[Opening DATA EXTRACT section]

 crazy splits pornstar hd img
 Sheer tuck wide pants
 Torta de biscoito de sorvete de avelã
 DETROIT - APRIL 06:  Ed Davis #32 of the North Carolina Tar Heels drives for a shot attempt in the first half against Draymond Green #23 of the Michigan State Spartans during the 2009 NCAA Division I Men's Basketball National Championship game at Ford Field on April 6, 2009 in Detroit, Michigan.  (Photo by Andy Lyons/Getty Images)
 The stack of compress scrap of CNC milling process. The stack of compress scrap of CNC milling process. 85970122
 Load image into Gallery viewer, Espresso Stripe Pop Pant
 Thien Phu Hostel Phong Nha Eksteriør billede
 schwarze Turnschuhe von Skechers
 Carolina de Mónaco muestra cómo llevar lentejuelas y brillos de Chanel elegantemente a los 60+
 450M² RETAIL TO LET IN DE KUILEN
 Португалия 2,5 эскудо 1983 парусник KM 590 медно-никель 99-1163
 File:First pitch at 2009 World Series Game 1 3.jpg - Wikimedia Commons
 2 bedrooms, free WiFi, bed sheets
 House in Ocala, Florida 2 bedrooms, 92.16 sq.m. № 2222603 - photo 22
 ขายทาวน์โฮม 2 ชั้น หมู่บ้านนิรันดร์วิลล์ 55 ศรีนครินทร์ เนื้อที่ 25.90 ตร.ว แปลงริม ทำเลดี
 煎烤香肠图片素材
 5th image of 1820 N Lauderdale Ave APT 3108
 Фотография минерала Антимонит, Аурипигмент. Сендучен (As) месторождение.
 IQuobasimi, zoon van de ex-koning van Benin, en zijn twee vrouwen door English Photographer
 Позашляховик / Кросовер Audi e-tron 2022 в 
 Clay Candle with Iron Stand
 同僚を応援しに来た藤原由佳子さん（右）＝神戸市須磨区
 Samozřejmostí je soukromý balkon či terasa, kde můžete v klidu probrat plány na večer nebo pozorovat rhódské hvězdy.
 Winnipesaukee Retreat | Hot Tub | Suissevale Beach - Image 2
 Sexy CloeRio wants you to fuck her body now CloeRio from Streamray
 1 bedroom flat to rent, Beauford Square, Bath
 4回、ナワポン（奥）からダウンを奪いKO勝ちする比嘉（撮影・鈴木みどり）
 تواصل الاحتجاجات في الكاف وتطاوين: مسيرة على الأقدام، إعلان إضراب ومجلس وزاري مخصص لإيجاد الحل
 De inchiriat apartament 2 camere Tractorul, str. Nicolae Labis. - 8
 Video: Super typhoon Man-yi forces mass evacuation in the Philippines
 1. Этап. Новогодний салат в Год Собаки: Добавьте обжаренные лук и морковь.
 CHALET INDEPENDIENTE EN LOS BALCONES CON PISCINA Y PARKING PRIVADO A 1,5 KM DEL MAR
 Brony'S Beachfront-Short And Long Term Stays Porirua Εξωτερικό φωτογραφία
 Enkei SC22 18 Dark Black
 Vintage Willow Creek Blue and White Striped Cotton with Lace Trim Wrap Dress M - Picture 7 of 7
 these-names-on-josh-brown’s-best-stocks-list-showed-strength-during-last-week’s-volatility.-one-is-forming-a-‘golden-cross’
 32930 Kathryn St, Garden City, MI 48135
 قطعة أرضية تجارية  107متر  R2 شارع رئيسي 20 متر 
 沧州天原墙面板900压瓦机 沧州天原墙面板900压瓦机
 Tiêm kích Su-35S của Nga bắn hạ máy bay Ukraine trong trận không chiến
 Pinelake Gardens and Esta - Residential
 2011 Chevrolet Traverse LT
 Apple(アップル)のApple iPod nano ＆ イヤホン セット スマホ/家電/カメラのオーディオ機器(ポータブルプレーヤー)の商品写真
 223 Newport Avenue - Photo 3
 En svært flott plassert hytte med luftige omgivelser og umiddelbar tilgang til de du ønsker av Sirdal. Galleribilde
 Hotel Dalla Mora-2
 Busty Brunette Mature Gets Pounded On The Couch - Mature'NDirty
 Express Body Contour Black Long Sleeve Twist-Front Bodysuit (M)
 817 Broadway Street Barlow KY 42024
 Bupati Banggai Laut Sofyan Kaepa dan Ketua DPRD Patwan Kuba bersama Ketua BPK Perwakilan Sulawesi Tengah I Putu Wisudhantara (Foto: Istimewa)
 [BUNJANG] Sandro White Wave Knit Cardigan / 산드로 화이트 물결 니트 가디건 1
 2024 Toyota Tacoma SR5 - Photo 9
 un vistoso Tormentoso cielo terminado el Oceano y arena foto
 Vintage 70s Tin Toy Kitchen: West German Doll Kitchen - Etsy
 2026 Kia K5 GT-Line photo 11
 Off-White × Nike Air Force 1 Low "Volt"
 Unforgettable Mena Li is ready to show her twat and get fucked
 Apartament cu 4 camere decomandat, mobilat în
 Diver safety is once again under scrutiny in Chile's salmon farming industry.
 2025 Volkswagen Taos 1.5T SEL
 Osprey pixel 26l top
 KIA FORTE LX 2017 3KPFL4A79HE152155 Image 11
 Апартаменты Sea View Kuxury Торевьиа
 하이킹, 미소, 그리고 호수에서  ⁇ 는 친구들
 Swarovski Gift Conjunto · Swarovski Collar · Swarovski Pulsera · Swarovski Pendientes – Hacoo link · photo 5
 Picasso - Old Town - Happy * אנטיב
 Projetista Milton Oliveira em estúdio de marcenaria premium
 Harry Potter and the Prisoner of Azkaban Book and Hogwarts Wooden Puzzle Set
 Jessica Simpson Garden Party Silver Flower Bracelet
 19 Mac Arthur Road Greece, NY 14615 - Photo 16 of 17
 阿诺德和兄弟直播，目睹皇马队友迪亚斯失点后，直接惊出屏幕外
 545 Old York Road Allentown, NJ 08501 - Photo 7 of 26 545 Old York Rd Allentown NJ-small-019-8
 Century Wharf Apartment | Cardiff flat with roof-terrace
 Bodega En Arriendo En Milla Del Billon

[Closing DATA EXTRACT section]

Output the records exactly, including every line.

» **OUTPUT BELOW**:
 crazy splits pornstar hd img
 Sheer tuck wide pants
 Torta de biscoito de sorvete de avelã
 DETROIT - APRIL 06:  Ed Davis #32 of the North Carolina Tar Heels drives for a shot attempt in the first half against Draymond Green #23 of the Michigan State Spartans during the 2009 NCAA Division I Men's Basketball National Championship game at Ford Field on April 6, 2009 in Detroit, Michigan.  (Photo by Andy Lyons/Getty Images)
 The stack of compress scrap of CNC milling process. The stack of compress scrap of CNC milling process. 85970122
 Load image into Gallery viewer, Espresso Stripe Pop Pant
 Thien Phu Hostel Phong Nha Eksteriør billede
 schwarze Turnschuhe von Skechers
 Carolina de Mónaco muestra cómo llevar lentejuelas y brillos de Chanel elegantemente a los 60+
 450M² RETAIL TO LET IN DE KUILEN
 Португалия 2,5 эскудо 1983 парусник KM 590 медно-никель 99-1163
 File:First pitch at 2009 World Series Game 1 3.jpg - Wikimedia Commons
 2 bedrooms, free WiFi, bed sheets
 House in Ocala, Florida 2 bedrooms, 92.16 sq.m. № 2222603 - photo 22
 ขายทาวน์โฮม 2 ชั้น หมู่บ้านนิรันดร์วิลล์ 55 ศรีนครินทร์ เนื้อที่ 25.90 ตร.ว แปลงริม ทำเลดี
 煎烤香肠图片素材
 5th image of 1820 N Lauderdale Ave APT 3108
 Фотография минерала Антимонит, Аурипигмент. Сендучен (As) месторождение.
 IQuobasimi, zoon van de ex-koning van Benin, en zijn twee vrouwen door English Photographer
 Позашляховик / Кросовер Audi e-tron 2022 в 
 Clay Candle with Iron Stand
 同僚を応援しに来た藤原由佳子さん（右）＝神戸市須磨区
 Samozřejmostí je soukromý balkon či terasa, kde můžete v klidu probrat plány na večer nebo pozorovat rhódské hvězdy.
 Winnipesaukee Retreat | Hot Tub | Suissevale Beach - Image 2
 Sexy CloeRio wants you to fuck her body now CloeRio from Streamray
 1 bedroom flat to rent, Beauford Square, Bath
 4回、ナワポン（奥）からダウンを奪いKO勝ちする比嘉（撮影・鈴木みどり）
 تواصل الاحتجاجات في الكاف وتطاوين: مسيرة على الأقدام، إعلان إضراب ومجلس وزاري مخصص لإيجاد الحل
 De inchiriat apartament 2 camere Tractorul, str. Nicolae Labis. - 8
 Video: Super typhoon Man-yi forces mass evacuation in the Philippines
 1. Этап. Новогодний салат в Год Собаки: Добавьте обжаренные лук и морковь.
 CHALET INDEPENDIENTE EN LOS BALCONES CON PISCINA Y PARKING PRIVADO A 1,5 KM DEL MAR
 Brony'S Beachfront-Short And Long Term Stays Porirua Εξωτερικό φωτογραφία
 Enkei SC22 18 Dark Black
 Vintage Willow Creek Blue and White Striped Cotton with Lace Trim Wrap Dress M - Picture 7 of 7
 these-names-on-josh-brown’s-best-stocks-list-showed-strength-during-last-week’s-volatility.-one-is-forming-a-‘golden-cross’
 32930 Kathryn St, Garden City, MI 48135
 قطعة أرضية تجارية  107متر  R2 شارع رئيسي 20 متر 
 沧州天原墙面板900压瓦机 沧州天原墙面板900压瓦机
 Tiêm kích Su-35S của Nga bắn hạ máy bay Ukraine trong trận không chiến
 Pinelake Gardens and Esta - Residential
 2011 Chevrolet Traverse LT
 Apple(アップル)のApple iPod nano ＆ イヤホン セット スマホ/家電/カメラのオーディオ機器(ポータブルプレーヤー)の商品写真
 223 Newport Avenue - Photo 3
 En svært flott plassert hytte med luftige omgivelser og umiddelbar tilgang til de du ønsker av Sirdal. Galleribilde
 Hotel Dalla Mora-2
 Busty Brunette Mature Gets Pounded On The Couch - Mature'NDirty
 Express Body Contour Black Long Sleeve Twist-Front Bodysuit (M)
 817 Broadway Street Barlow KY 42024
 Bupati Banggai Laut Sofyan Kaepa dan Ketua DPRD Patwan Kuba bersama Ketua BPK Perwakilan Sulawesi Tengah I Putu Wisudhantara (Foto: Istimewa)
 [BUNJANG] Sandro White Wave Knit Cardigan / 산드로 화이트 물결 니트 가디건 1
 2024 Toyota Tacoma SR5 - Photo 9
 un vistoso Tormentoso cielo terminado el Oceano y arena foto
 Vintage 70s Tin Toy Kitchen: West German Doll Kitchen - Etsy
 2026 Kia K5 GT-Line photo 11
 Off-White × Nike Air Force 1 Low "Volt"
 Unforgettable Mena Li is ready to show her twat and get fucked
 Apartament cu 4 camere decomandat, mobilat în
 Diver safety is once again under scrutiny in Chile's salmon farming industry.
 2025 Volkswagen Taos 1.5T SEL
 Osprey pixel 26l top
 KIA FORTE LX 2017 3KPFL4A79HE152155 Image 11
 Апартаменты Sea View Kuxury Торевьиа
 하이킹, 미소, 그리고 호수에서  ⁇ 는 친구들
 Swarovski Gift Conjunto · Swarovski Collar · Swarovski Pulsera · Swarovski Pendientes – Hacoo link · photo 5
 Picasso - Old Town - Happy * אנטיב
 Projetista Milton Oliveira em estúdio de marcenaria premium
 Harry Potter and the Prisoner of Azkaban Book and Hogwarts Wooden Puzzle Set
 Jessica Simpson Garden Party Silver Flower Bracelet
 19 Mac Arthur Road Greece, NY 14615 - Photo 16 of 17
 阿诺德和兄弟直播，目睹皇马队友迪亚斯失点后，直接惊出屏幕外
 545 Old York Road Allentown, NJ 08501 - Photo 7 of 26 545 Old York Rd Allentown NJ-small-019-8
 Century Wharf Apartment | Cardiff flat with roof-terrace
 Bodega En Arriendo En Milla Del Billon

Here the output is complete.